United States District Court, W.D. Arkansas, Fort Smith Division

November 8, 2017

MICHAEL GEATCHES PLAINTIFF
v.
DORIS DELPH DEFENDANT

          MAGISTRATE JUDGE'S REPORT AND RECOMMENDATION

          HON. MARK E. FORD UNITED STATES MAGISTRATE JUDGE

         Plaintiff, Michael Geatches, filed this case pro se and in forma pauperis on November 22, 2016. (ECF No. 1). Pursuant to the provisions of 28 U.S.C. §§ 636(b)(1) and (3)(2011), the Honorable P. K. Holmes, III, Chief United States District Judge, referred this case to the undersigned for the purpose of making a Report and Recommendation.

         I. BACKGROUND

         Plaintiff is currently incarcerated in the Arkansas Department of Correction (ADC), Varner Unit. Plaintiff's Complaint alleges that Defendant, Doris Delph, a private citizen, violated his civil rights by “committing slander” against him in her communications to the Arkansas Department of Human Services (DHS) and Van Buren Police Department. (ECF No. 1, pp. 1, 3-4).

         Service to Defendant's last-known address in Indiana was entered on February 7, 2017. (ECF No. 8). Summons was returned unexecuted on March 9, 2017. (ECF No. 12). An Order Authorizing Service by Warning Order was entered on June 27, 2017, warning Defendant to appear within thirty days. (ECF No. 19). On August 14, 2017, Plaintiff filed an Amended Complaint adding several new claims. (ECF No. 22). On September 19, 2017, Plaintiff filed a Motion for Default Judgment. (ECF No. 24). On September 20, 2017, the Court entered an Order denying Plaintiff's Motion, and directing Plaintiff to file a Supplement to explain how the claims in his Amended Complaint were related to his current incarceration or any criminal conviction in Plaintiff's record. (ECF No. 25).

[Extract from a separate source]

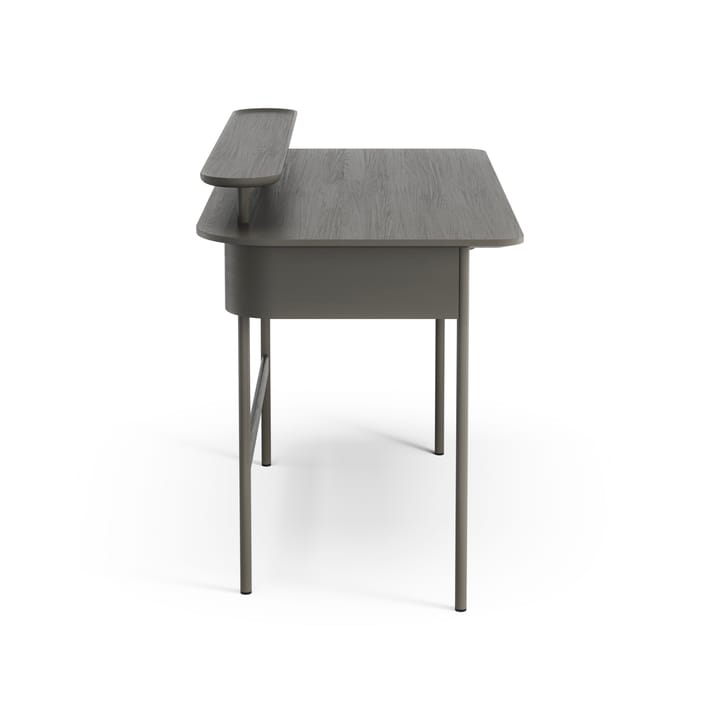 Luna desk with drawer and shelf, Oak orkan grey Swedese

         Plaintiff filed his Supplement on October 25, 2017, as well as a Motion for Service by Posting Warning. (ECF No's. 30, 31). In his Supplement, Plaintiff requested that his claims for Filing a False Report with a Law Enforcement Agency and Tampering be dismissed, and that his claims for Slander, Attempting to Influence a Public Servant, False Swearing, and Obstructing Government Operations proceed. (ECF No. 30, p. 1). Plaintiff alleges: “Plaintiff is incarcerated on the charge of Sexual Assault 2nd Degree. It should be noted that Plaintiff has claimed his innocence throughout but accepted a plea because Plaintiff was told that if he did not take the plea, his wife would be charged as well.” (ECF No. 1, p. 4). Plaintiff further alleges “[w]hile the claims Plaintiff is raising do play a role in his incarceration, he is not challenging his conviction with this suit.” (ECF No. 30, p. 5).

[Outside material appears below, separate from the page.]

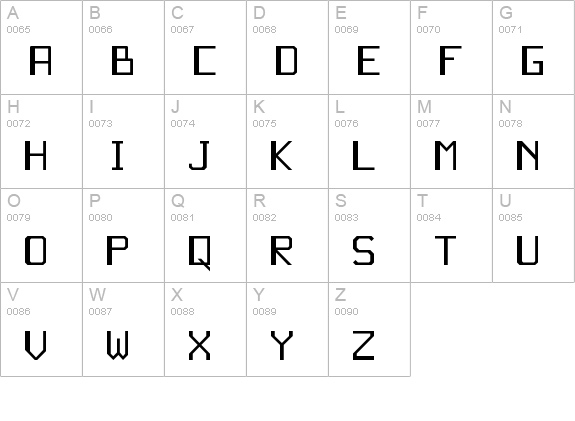 JD Gina Regular uppercase A-Z preview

         In describing Defendant's role in the loss of his parental rights and subsequent criminal conviction, Plaintiff alleges he was arrested and charged with forgery on March 18, 2014, at which time his children were placed with DHS due to his incarceration. (ECF No. 30, p. 2). The forgery charge was later dismissed, as were other charges against Plaintiff for allegedly abusing his daughter, “A. D.” (Id.). Plaintiff alleges Defendant got involved at that point, and Defendant told DHS the Plaintiff was a serial child molester and he had repeatedly abused A. D. and other children. (Id.). Due to Defendant's accusation, Plaintiff alleges visitation with his children was reduced to one hour per week under supervision. (Id.). Plaintiff also alleges a DHS caseworker, Keith Thomas, told him that “he was going to ensure that I never see my children again.” (Id.). Plaintiff was ordered to undergo sex offender treatment “simply because of this accusation that the Defendant made against the Plaintiff.” (ECF No. 30, pp. 2-3).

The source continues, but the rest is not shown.